What the task asks.
I need every line from the start of the material below up to and including the line containing "Skyler Ewing - Poisonous", restated exactly, with the pictures omitted.

Supplied entries.
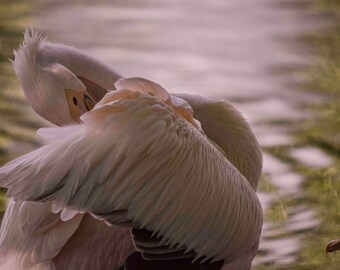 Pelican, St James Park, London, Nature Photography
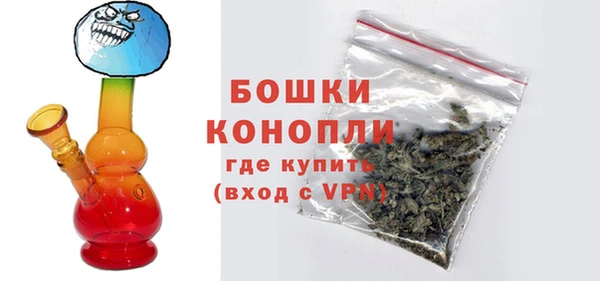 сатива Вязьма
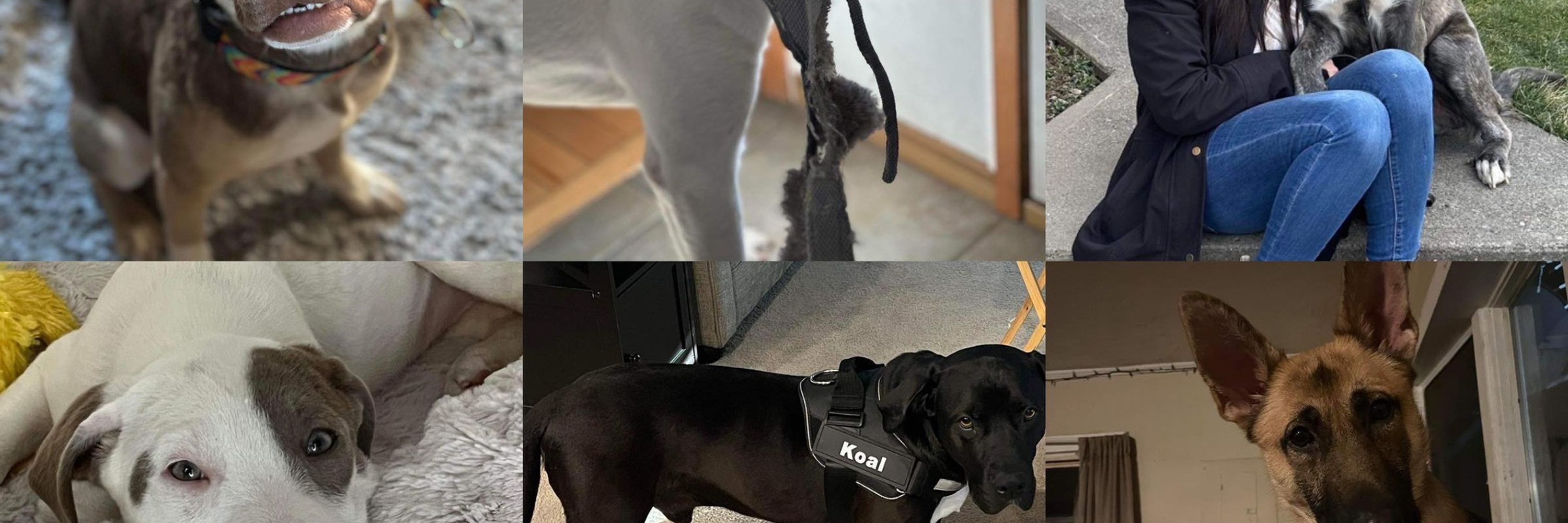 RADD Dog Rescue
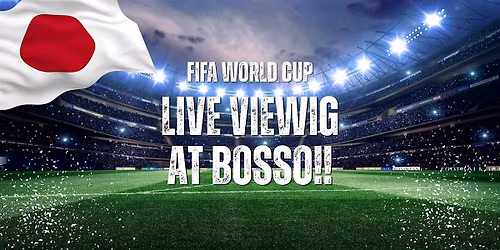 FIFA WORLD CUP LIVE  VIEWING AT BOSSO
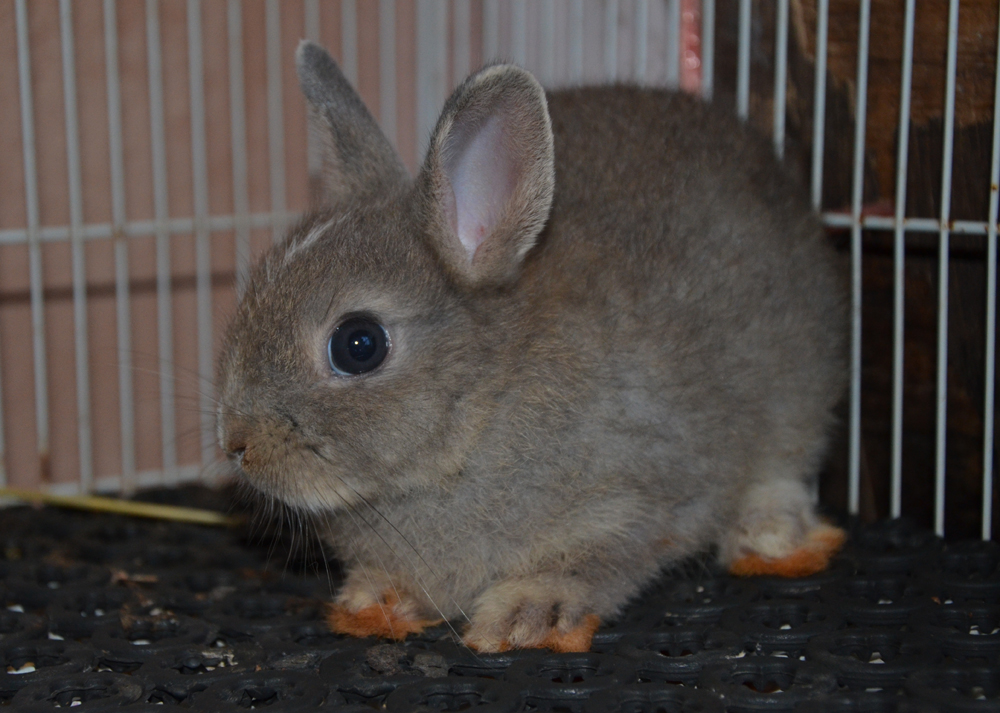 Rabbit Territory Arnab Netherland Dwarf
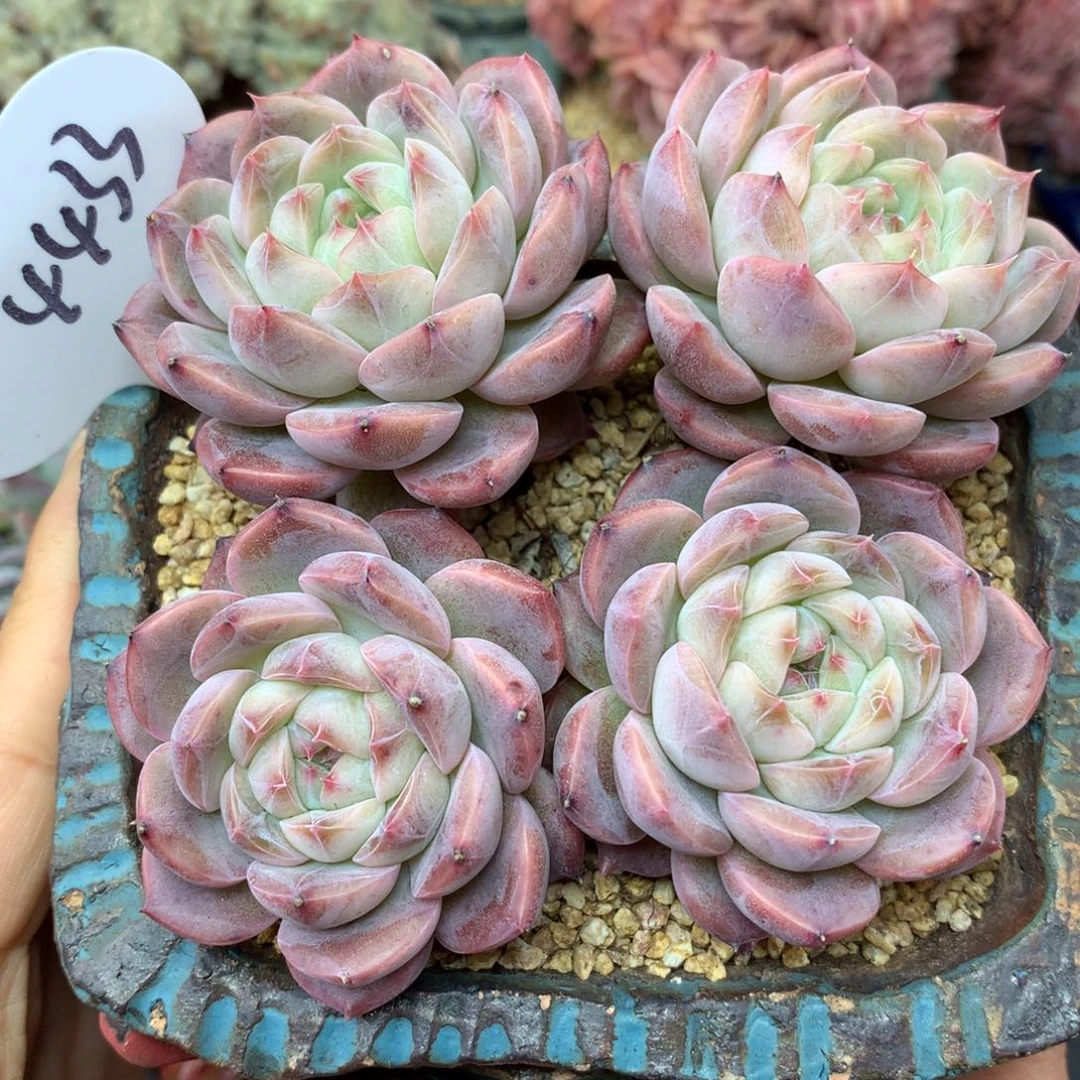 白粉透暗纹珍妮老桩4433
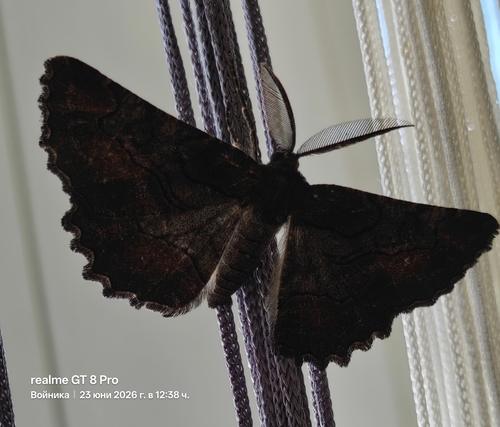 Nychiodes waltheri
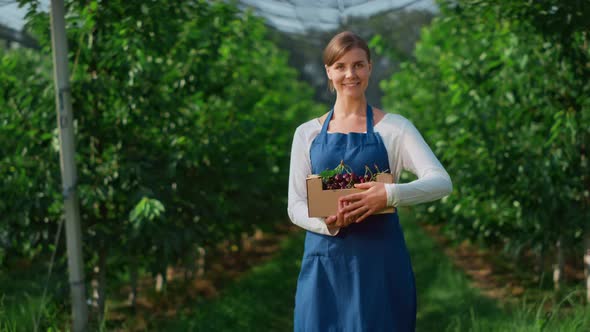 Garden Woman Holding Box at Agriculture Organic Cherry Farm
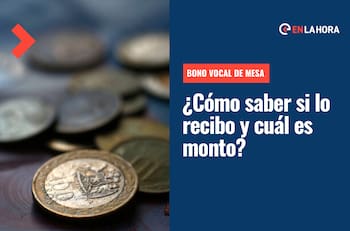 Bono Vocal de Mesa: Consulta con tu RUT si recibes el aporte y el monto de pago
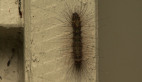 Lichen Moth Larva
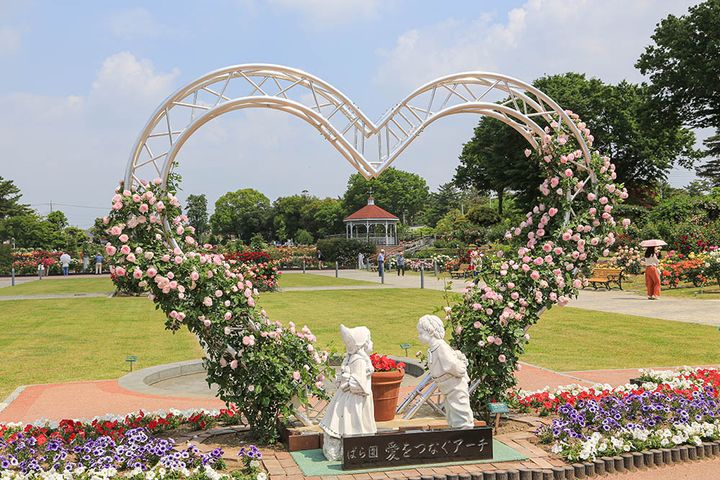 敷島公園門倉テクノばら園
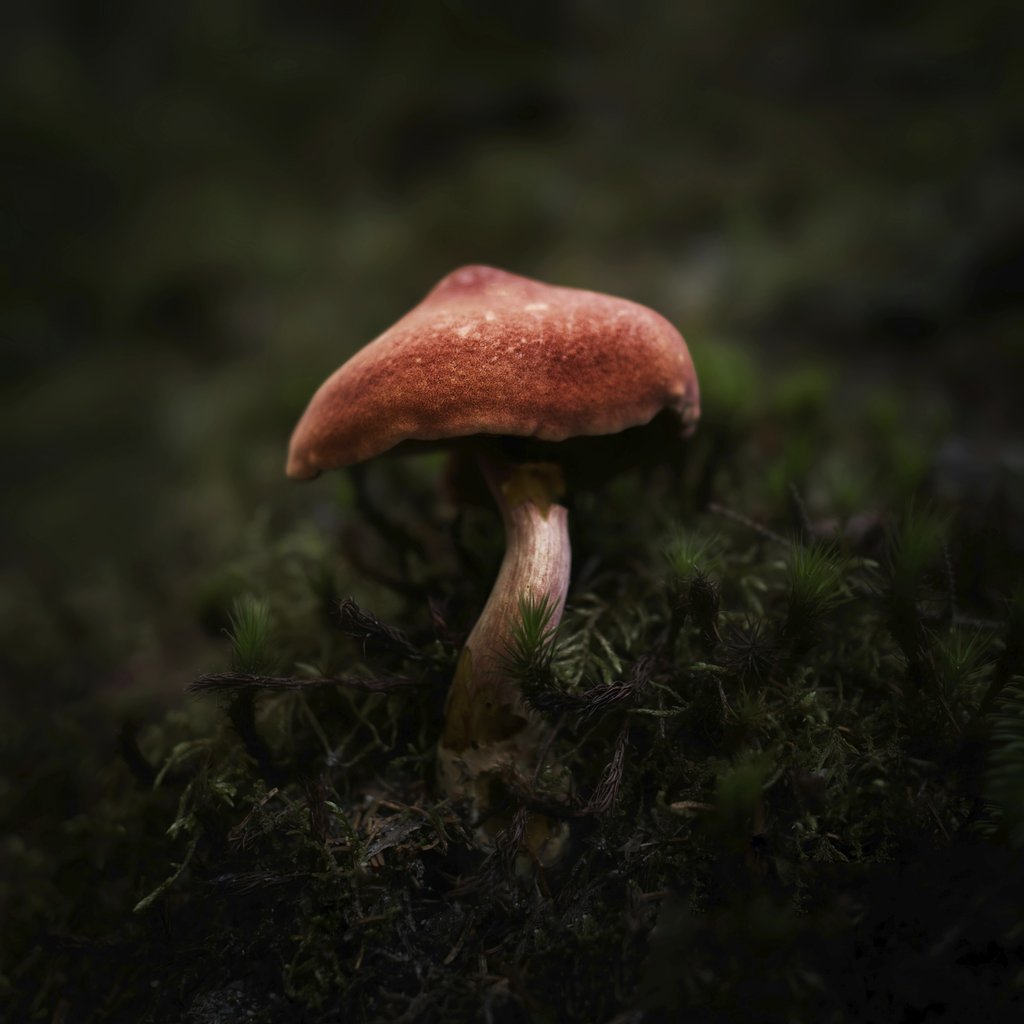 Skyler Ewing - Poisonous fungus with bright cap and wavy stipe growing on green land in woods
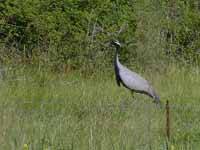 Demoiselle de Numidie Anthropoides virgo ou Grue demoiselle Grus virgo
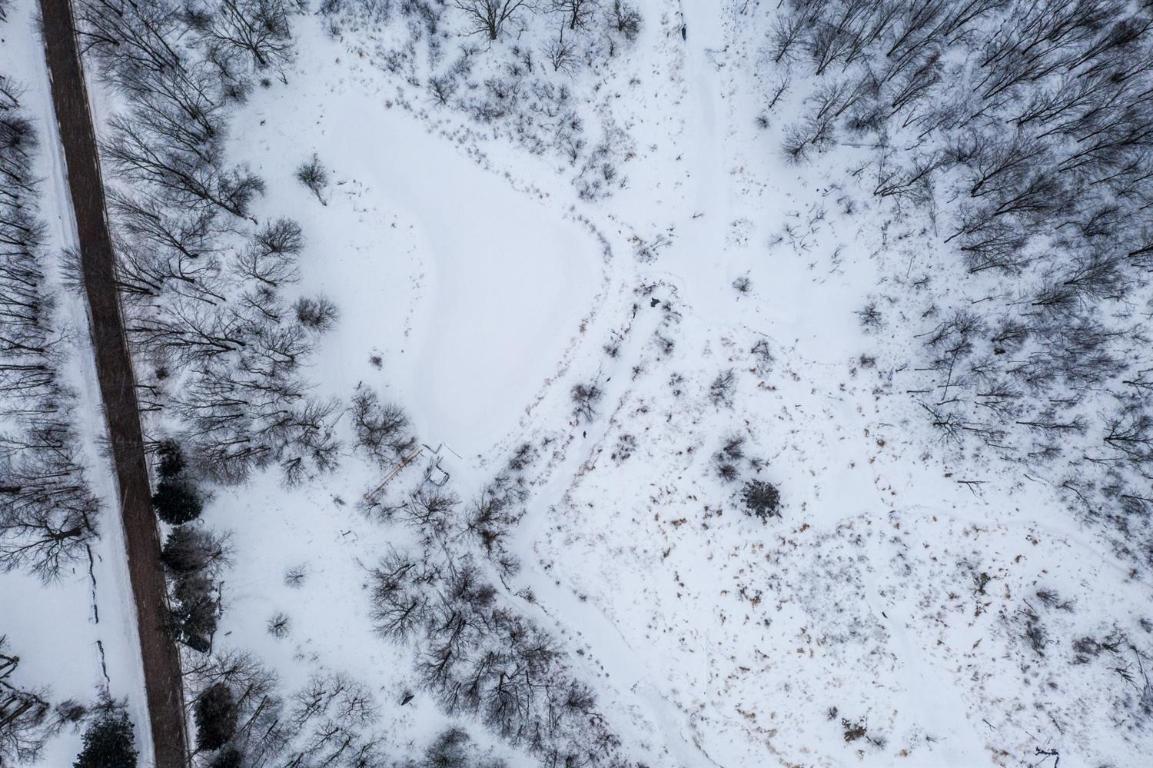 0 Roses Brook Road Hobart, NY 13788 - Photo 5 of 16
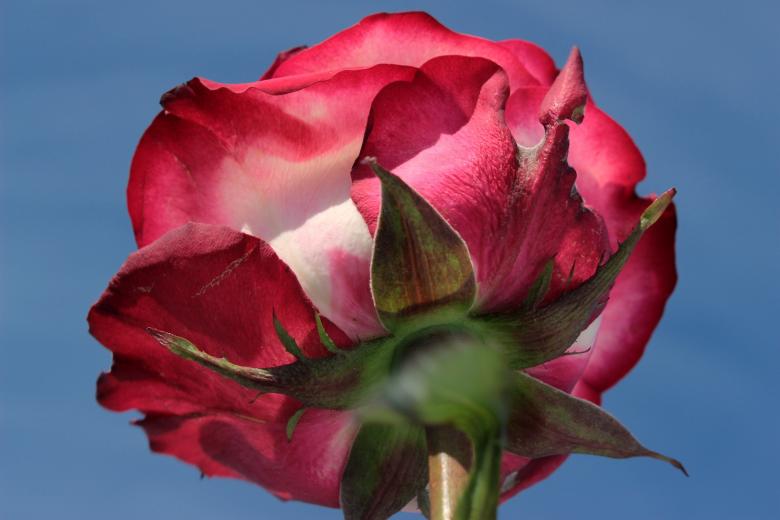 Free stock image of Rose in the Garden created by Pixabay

Solution to this problem.
 Pelican, St James Park, London, Nature Photography
 сатива Вязьма
 RADD Dog Rescue
 FIFA WORLD CUP LIVE  VIEWING AT BOSSO
 Rabbit Territory Arnab Netherland Dwarf
 白粉透暗纹珍妮老桩4433
 Nychiodes waltheri
 Garden Woman Holding Box at Agriculture Organic Cherry Farm
 Bono Vocal de Mesa: Consulta con tu RUT si recibes el aporte y el monto de pago
 Lichen Moth Larva
 敷島公園門倉テクノばら園
 Skyler Ewing - Poisonous fungus with bright cap and wavy stipe growing on green land in woods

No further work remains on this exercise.